N: How was your childhood growing up? Was it harder because you didn’t have a father figure?

S: My years growing up were tough on everyone I think. My mother worked all day so being with my friends on the streets and in school ended up filling that ‘father figure’ beyond what my mother could teach me. Don’t get me wrong, she was the best mother but there’s just things she couldn’t teach a man.

N: How about education?

S: No one expected anyone to go to college in my part of town but it was a shame if you didn’t finish high school so I had to get that done, it wasn’t until I meet my wife that encouraged me to get more education, instead of working myself dead every day. She taught me to work smarter not just harder.

N: I’m going to ask a question relating to the main topic of the class I took. When I mention black masculinity what comes to mind? What is your definition?

S: I haven’t been asked that in years! That’s a good topic for you college kids. My definition of this would be a man who takes responsibility, who cries when he needs to and who handles his business when he needs to. There’s not much to it, were all human.

N: I definitely agree with you on that. Now that you’ve lived through so much, would you go back and change anything?

S: After having diabetes and being so ignorant to the damage it can do if you’re not taking care of yourself made me appreciate life so much more. I thank God for another day and I make sure I leave my mark on this world.

N: What do you mean by leave your mark?

S: Being a black man in my time was the definition of ‘struggle’! Are you kidding me, some of those days sucked! Now, we still have to work twice just to prove ourselves once. That’s the beauty of being a black man. All you kids have it easy now & you have no idea.

N: Sadly, I’ve heard that before too. Do you have anything you would have liked to know when you were younger?

S: I think about this often, I would tell myself to monitor the diabetes so the pain wouldn’t be so bad! I wouldn’t have wasted so much time before going back to college and making a decent living for myself & I wouldn’t have wasted so much time trying to be someone I wasn’t; a thug to get the girls!

N: That’s good advice, even to kids my age now. Well, I think I got everything I needed so I want to thank you again for meeting with me! Others will definitely enjoy your words.

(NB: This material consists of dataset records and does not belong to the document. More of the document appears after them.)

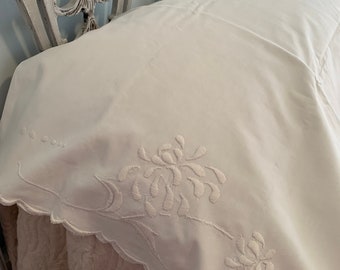 Antique European Embroidered Scalloped Open Envelope Fine Cotton Pillow Cover Free Shipping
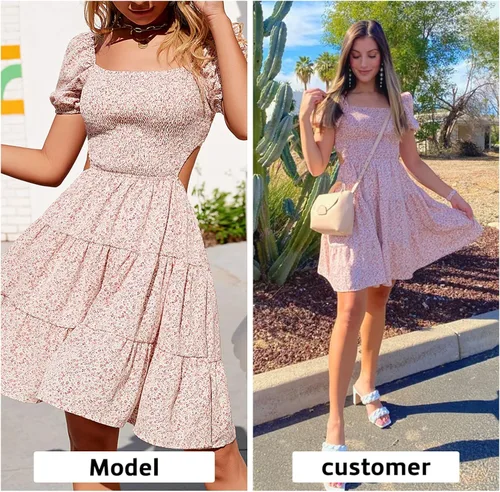 Miniatura 2 de Byinns Vestido corto con cordón para mujer, cuello corazón, vestido vaporoso, manga larga, volantes, lindo vestido de invitada de boda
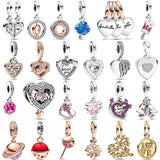Mother Daughter Heart Dog Charm 925 Sterling Silver Bead Bracelet Jewelry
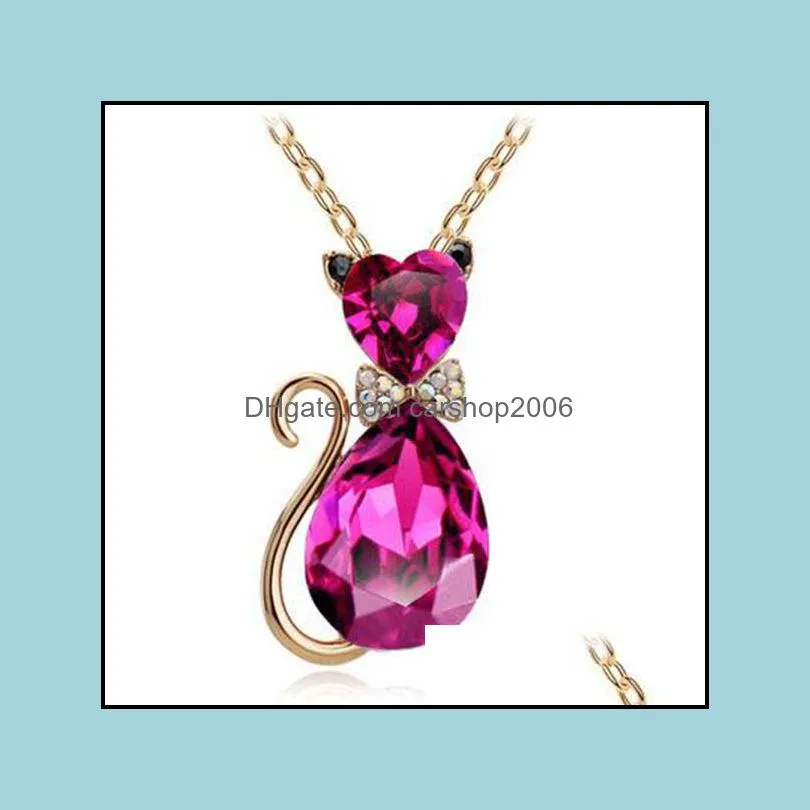 pretty crystal cat necklace women clavicle chain necklace cute cat pendant chain austrian crystal necklace carshop2006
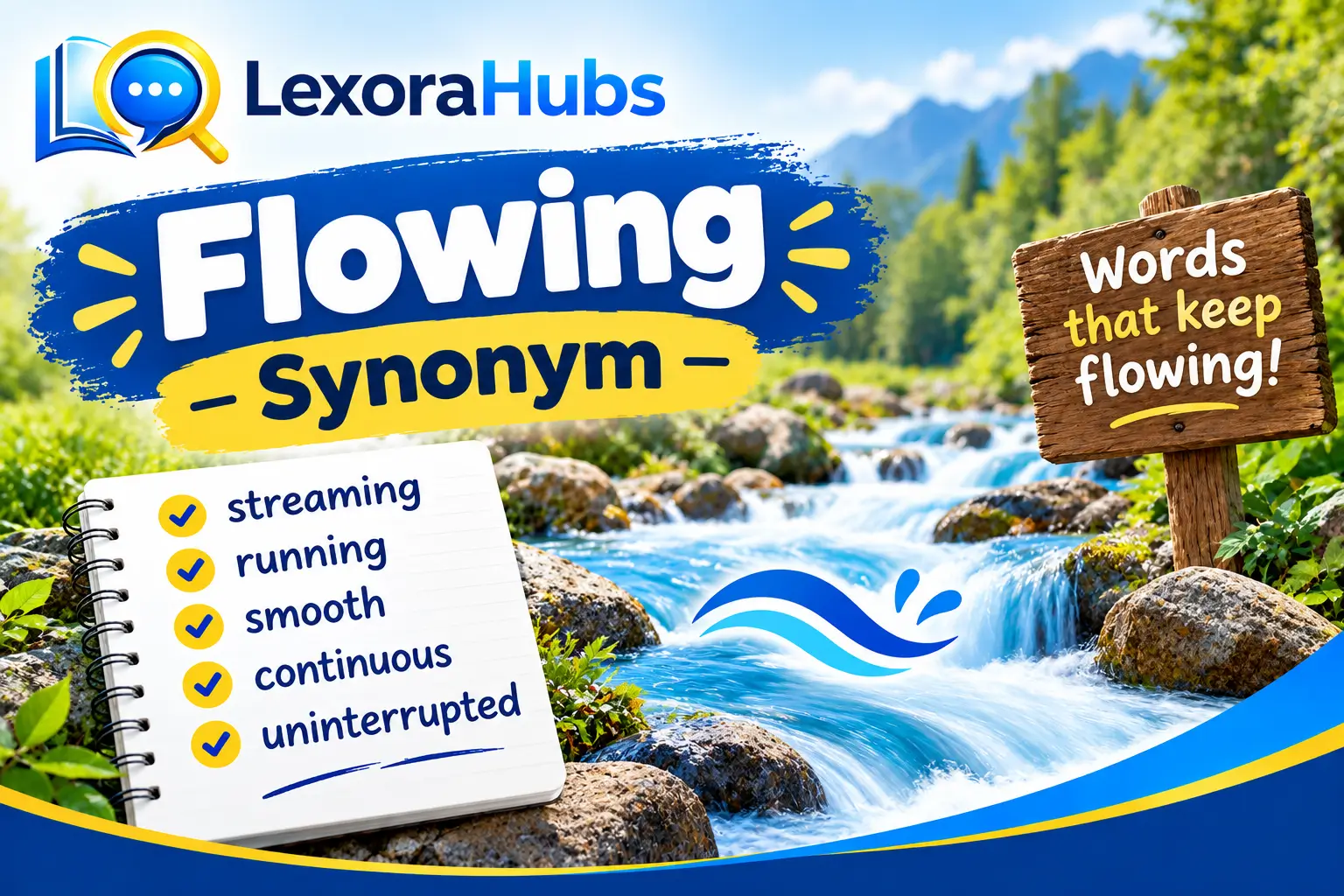 50 Synonyms for Flowing: Meaning, Examples, and Easy Alternatives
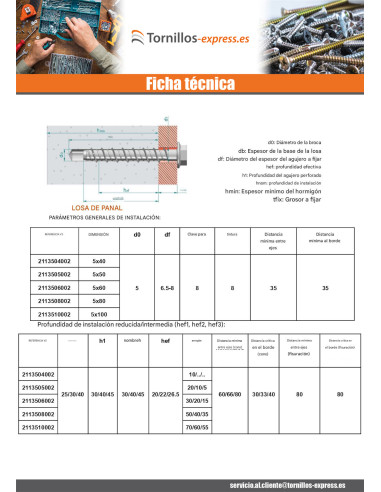 1 x Tornillo hormigón cabeza hexagonal resalto...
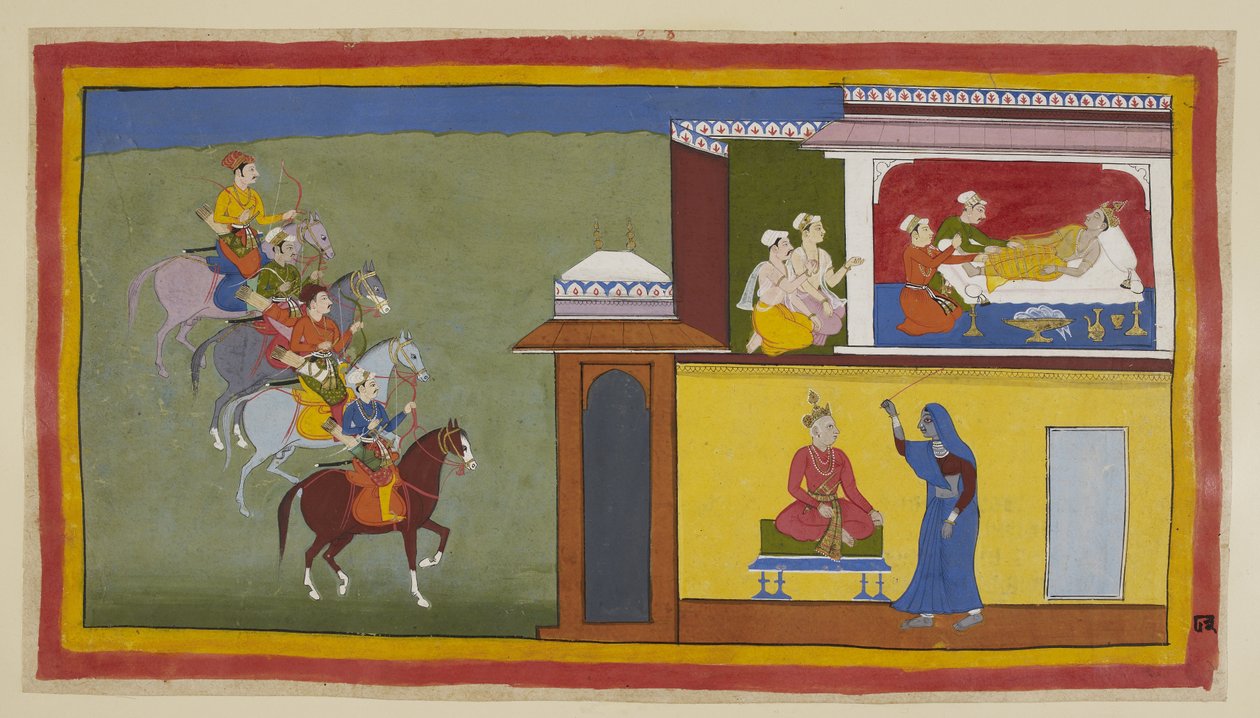 The four messengers on horseback approach the city of Kekaya, while attendants try to wake Bharata, who has had alarming dreams about his father. In one of them, shown below, the king dressed plainly, and seated on an iron (here blue) by Indian School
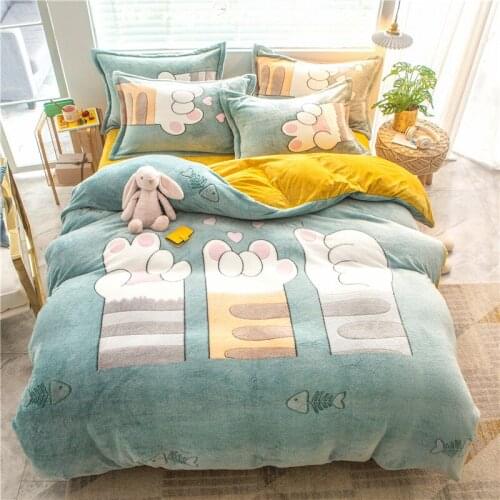 Cute cats paw simple cartoon style winter coral velvet delicate warm velvet home textile quilt cover four-piece set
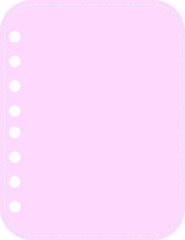 Cute scrap from notepad for noting, coloured isolated sticker, paper list school notebook, noticeboard label, office sticker, neat vector illustration. Notepad sticky sticker.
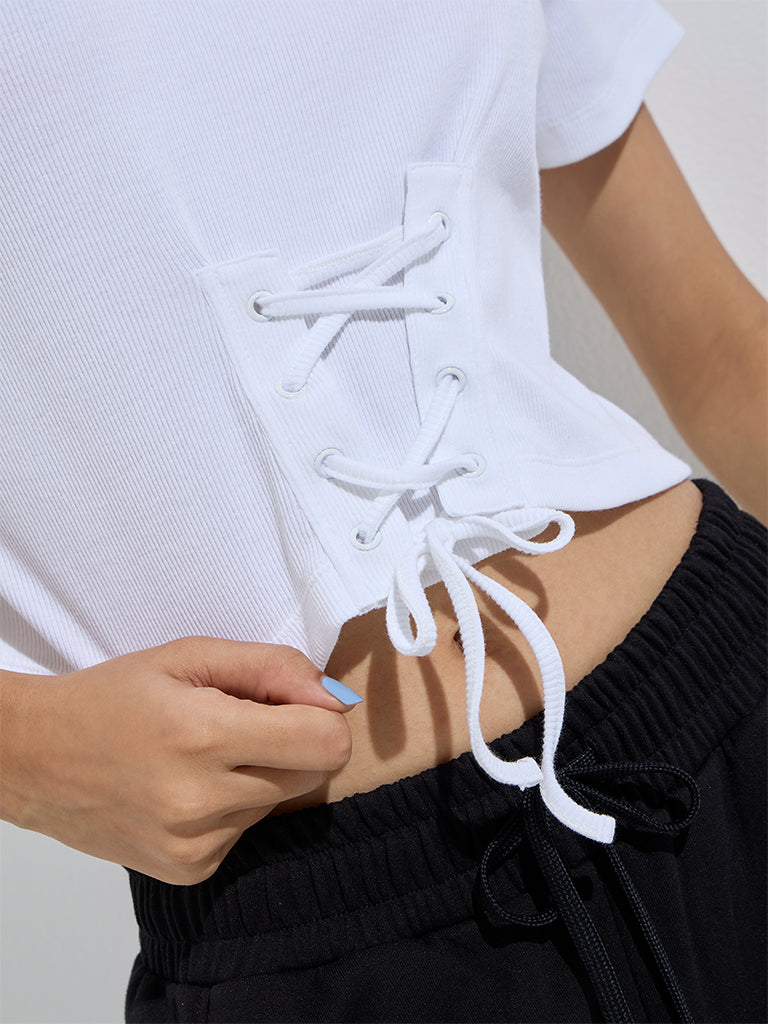 Studiofit White Criss-Cross Detailed Cotton-Blend Top - Image 3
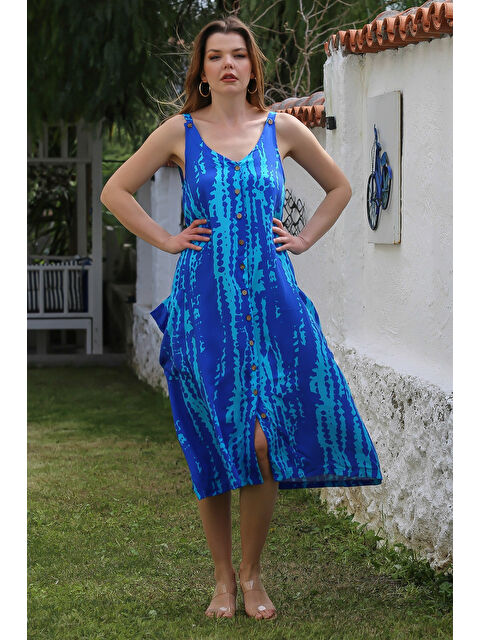 Chiccy Turkuaz Askılı Düğmeli Cepli Allover Baskılı Casual Viskon Dokuma Elbise 115 60 - S000367749-20055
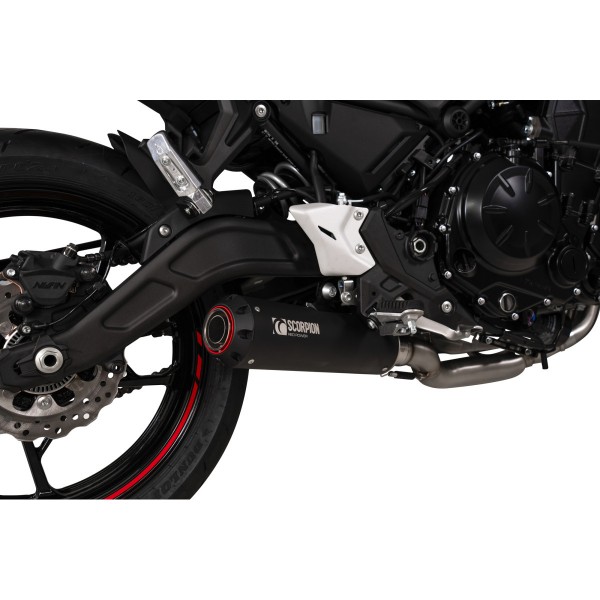 SCORPION RED POWER FULL SYSTEM BRUSHED STAINLESS EXHAUST FOR KAWASAKI Z 650 2020-2025 PART # PKA144SYSBCER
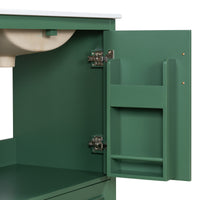 VanityFus 30-in Bathroom Vanity Green Single Sink Combo Ceramic Top 2 Soft-Close Doors 1 Drawer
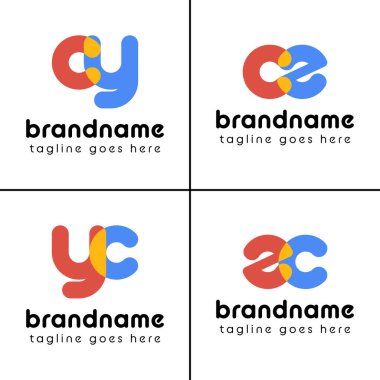 Harfler yc cz zc Oyuncak Logo, eğlenceli, enerjik ve neşeyi temsil eder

S: *smiles & nodes*, grabs glasses & I snap a quick picture.* Have a great summer dear.

Picture perfect on the first take!


Analyzing the interview and relating it back to the class materials was very easy to see. Such easy questions can give you a deep insight into a persons thoughts and that’s exactly what I received from him. He became my prime example of the black man who can be tough and show feelings all at the same time. He reminded me of Socrates Fortlow in “Always Outnumbered, Always Outgunned”. He took care of what need to be handled but showed emotion at the right times. That to me, from being in this class, is what true progressive masculinity is. Progressing from the stereotype of the brute, the sambo & the coon.

He worked his days away before returning to school. Defying that all black men were lazy. He didn’t defy the law by selling drugs to put food on the table, instead he let himself be motivated by his wife to continue to higher learning in order to progress and know what hard work was.  He cared for his wife till her final days since being raised by his mother taught him to not be that hyper sexual, hyperactive violent man society and the media has set out to portray men. Even though the streets and friends taught him so things he didn’t let that get over his head. He would go home every night & seeing his mom work so hard seemed to steer him in the right direction.

Learning about his single mom & falling in love with a wonderful women showed me behind a good man was a women who guided him to be that progressive man. A man who can handle his business but come home and tell his wife how much he loves her. Samuels’ definition correlated with what I have learned this semester in my AFRS class. He truly is the prime example of progressive masculinity, we can all learn from his past & his bright future.